In the often cloistered world of private equity, a subtle but major shift is occurring in the balance of power between general and limited partners.
While general partners have held the most sway in setting up and structuring funds, limited partners are becoming more empowered and selective about choosing managers, experts say.
With new funds cropping up and a difficult economic environment to deal with, securing good benchmarking and performance data is crucial for limited partners, according to experts. They in turn are pressuring general partners to improve terms and focus on their strategies, according to a panel of private equity experts who discussed the challenges facing limited partners on Tuesday. The panelists included Suresh Krishnamurthy, senior managing director of global services at State Street Corp.; Stephane C. Chevrier, managing partner of Equifin Alternative Investments LLC, a private equity fund in New York; Kareem Hamady, private equity product manager at Bloomberg; and Olivier Dellenbach, founder and CEO of eFront. Jeremy Hocter, product manager Pevara, moderated.

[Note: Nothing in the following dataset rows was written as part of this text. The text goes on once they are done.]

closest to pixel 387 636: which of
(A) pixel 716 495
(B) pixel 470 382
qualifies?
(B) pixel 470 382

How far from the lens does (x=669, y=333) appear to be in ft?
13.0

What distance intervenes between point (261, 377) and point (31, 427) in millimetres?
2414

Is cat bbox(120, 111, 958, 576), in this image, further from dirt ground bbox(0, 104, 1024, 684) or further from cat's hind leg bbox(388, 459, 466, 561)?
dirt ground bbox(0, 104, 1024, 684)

The occasion for the roundtable discussion was the launch by Paris-based software vendor eFront of a benchmarking tool for limited partners of private equity funds. The new Web-based service, known as Pevara, gives limited partners access to analytics, allowing advanced performance monitoring and benchmark analysis of peer data. According to eFront, it allows the LP community to conduct independent analysis of investment returns, monitor industry performance trends and conduct like-for-like comparisons of investments for consistent, accurate risk reporting and asset allocation monitoring.
The presentation concentrated on benchmark quality and availability of information, best practices for benchmarking private equity performance, as well as due diligence, and evaluating potential fund investments and new managers.

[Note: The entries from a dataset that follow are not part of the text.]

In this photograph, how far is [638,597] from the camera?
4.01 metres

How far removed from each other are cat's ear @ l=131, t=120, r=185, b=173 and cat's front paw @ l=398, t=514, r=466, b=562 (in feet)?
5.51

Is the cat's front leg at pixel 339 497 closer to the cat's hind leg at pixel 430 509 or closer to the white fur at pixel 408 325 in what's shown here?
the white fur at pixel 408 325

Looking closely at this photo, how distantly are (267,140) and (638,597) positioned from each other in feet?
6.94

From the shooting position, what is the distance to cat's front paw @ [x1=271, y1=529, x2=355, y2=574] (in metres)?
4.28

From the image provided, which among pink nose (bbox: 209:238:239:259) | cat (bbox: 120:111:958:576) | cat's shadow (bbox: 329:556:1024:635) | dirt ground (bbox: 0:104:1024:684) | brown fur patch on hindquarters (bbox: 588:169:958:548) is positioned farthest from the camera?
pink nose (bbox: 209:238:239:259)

With the right benchmarking tools everyone in private equity benefits, general partners as well as limited partners, Krishnamurthy said.
There is too much reliance by LPs on public benchmarks, such as the S&P 500 Index, which “can fall short” in some respects, he said. Good benchmarks, he said, should be able to provide global reach, as well as provide performance and benchmark capability for an increasing and diverse number of investments.

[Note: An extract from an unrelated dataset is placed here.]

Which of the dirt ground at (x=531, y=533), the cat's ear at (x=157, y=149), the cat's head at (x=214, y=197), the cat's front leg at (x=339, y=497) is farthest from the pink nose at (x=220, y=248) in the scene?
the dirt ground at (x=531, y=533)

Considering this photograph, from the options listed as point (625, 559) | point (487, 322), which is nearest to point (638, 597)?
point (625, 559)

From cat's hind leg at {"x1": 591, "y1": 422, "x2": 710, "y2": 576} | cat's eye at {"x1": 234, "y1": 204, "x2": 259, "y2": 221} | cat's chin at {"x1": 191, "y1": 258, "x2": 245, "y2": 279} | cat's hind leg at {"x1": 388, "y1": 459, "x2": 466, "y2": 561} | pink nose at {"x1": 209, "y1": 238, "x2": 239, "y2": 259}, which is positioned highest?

Hamady agreed, saying there is a need for standardization and transparency across the private equity landscape. “Both GPs and LPs,” he said, “are looking for customizable solutions with robust sets of data points. There are multiple options, but no singe option out there meeting [everyone's] needs.”
Chevrier, speaking as an investor in the market, said the eFront tool and others were important for analyzing data, but that other factors are crucial as well. “A data point is only a record. It’s not the only decision criteria,” said Chevrier, who has done over $400 million deals in the private equity secondary market.
One of the biggest challenges is finding the right investments with the right strategies, the experts said. It can be more complicated in non-US. private equity funds because the data is less complete and providers tend to have a bias toward their own geographic base, Dellenbach said.
One advantage of investing in a portfolio of private equity funds, as opposed to one or two funds, he said, is it reduces volatility and thereby lowers risk.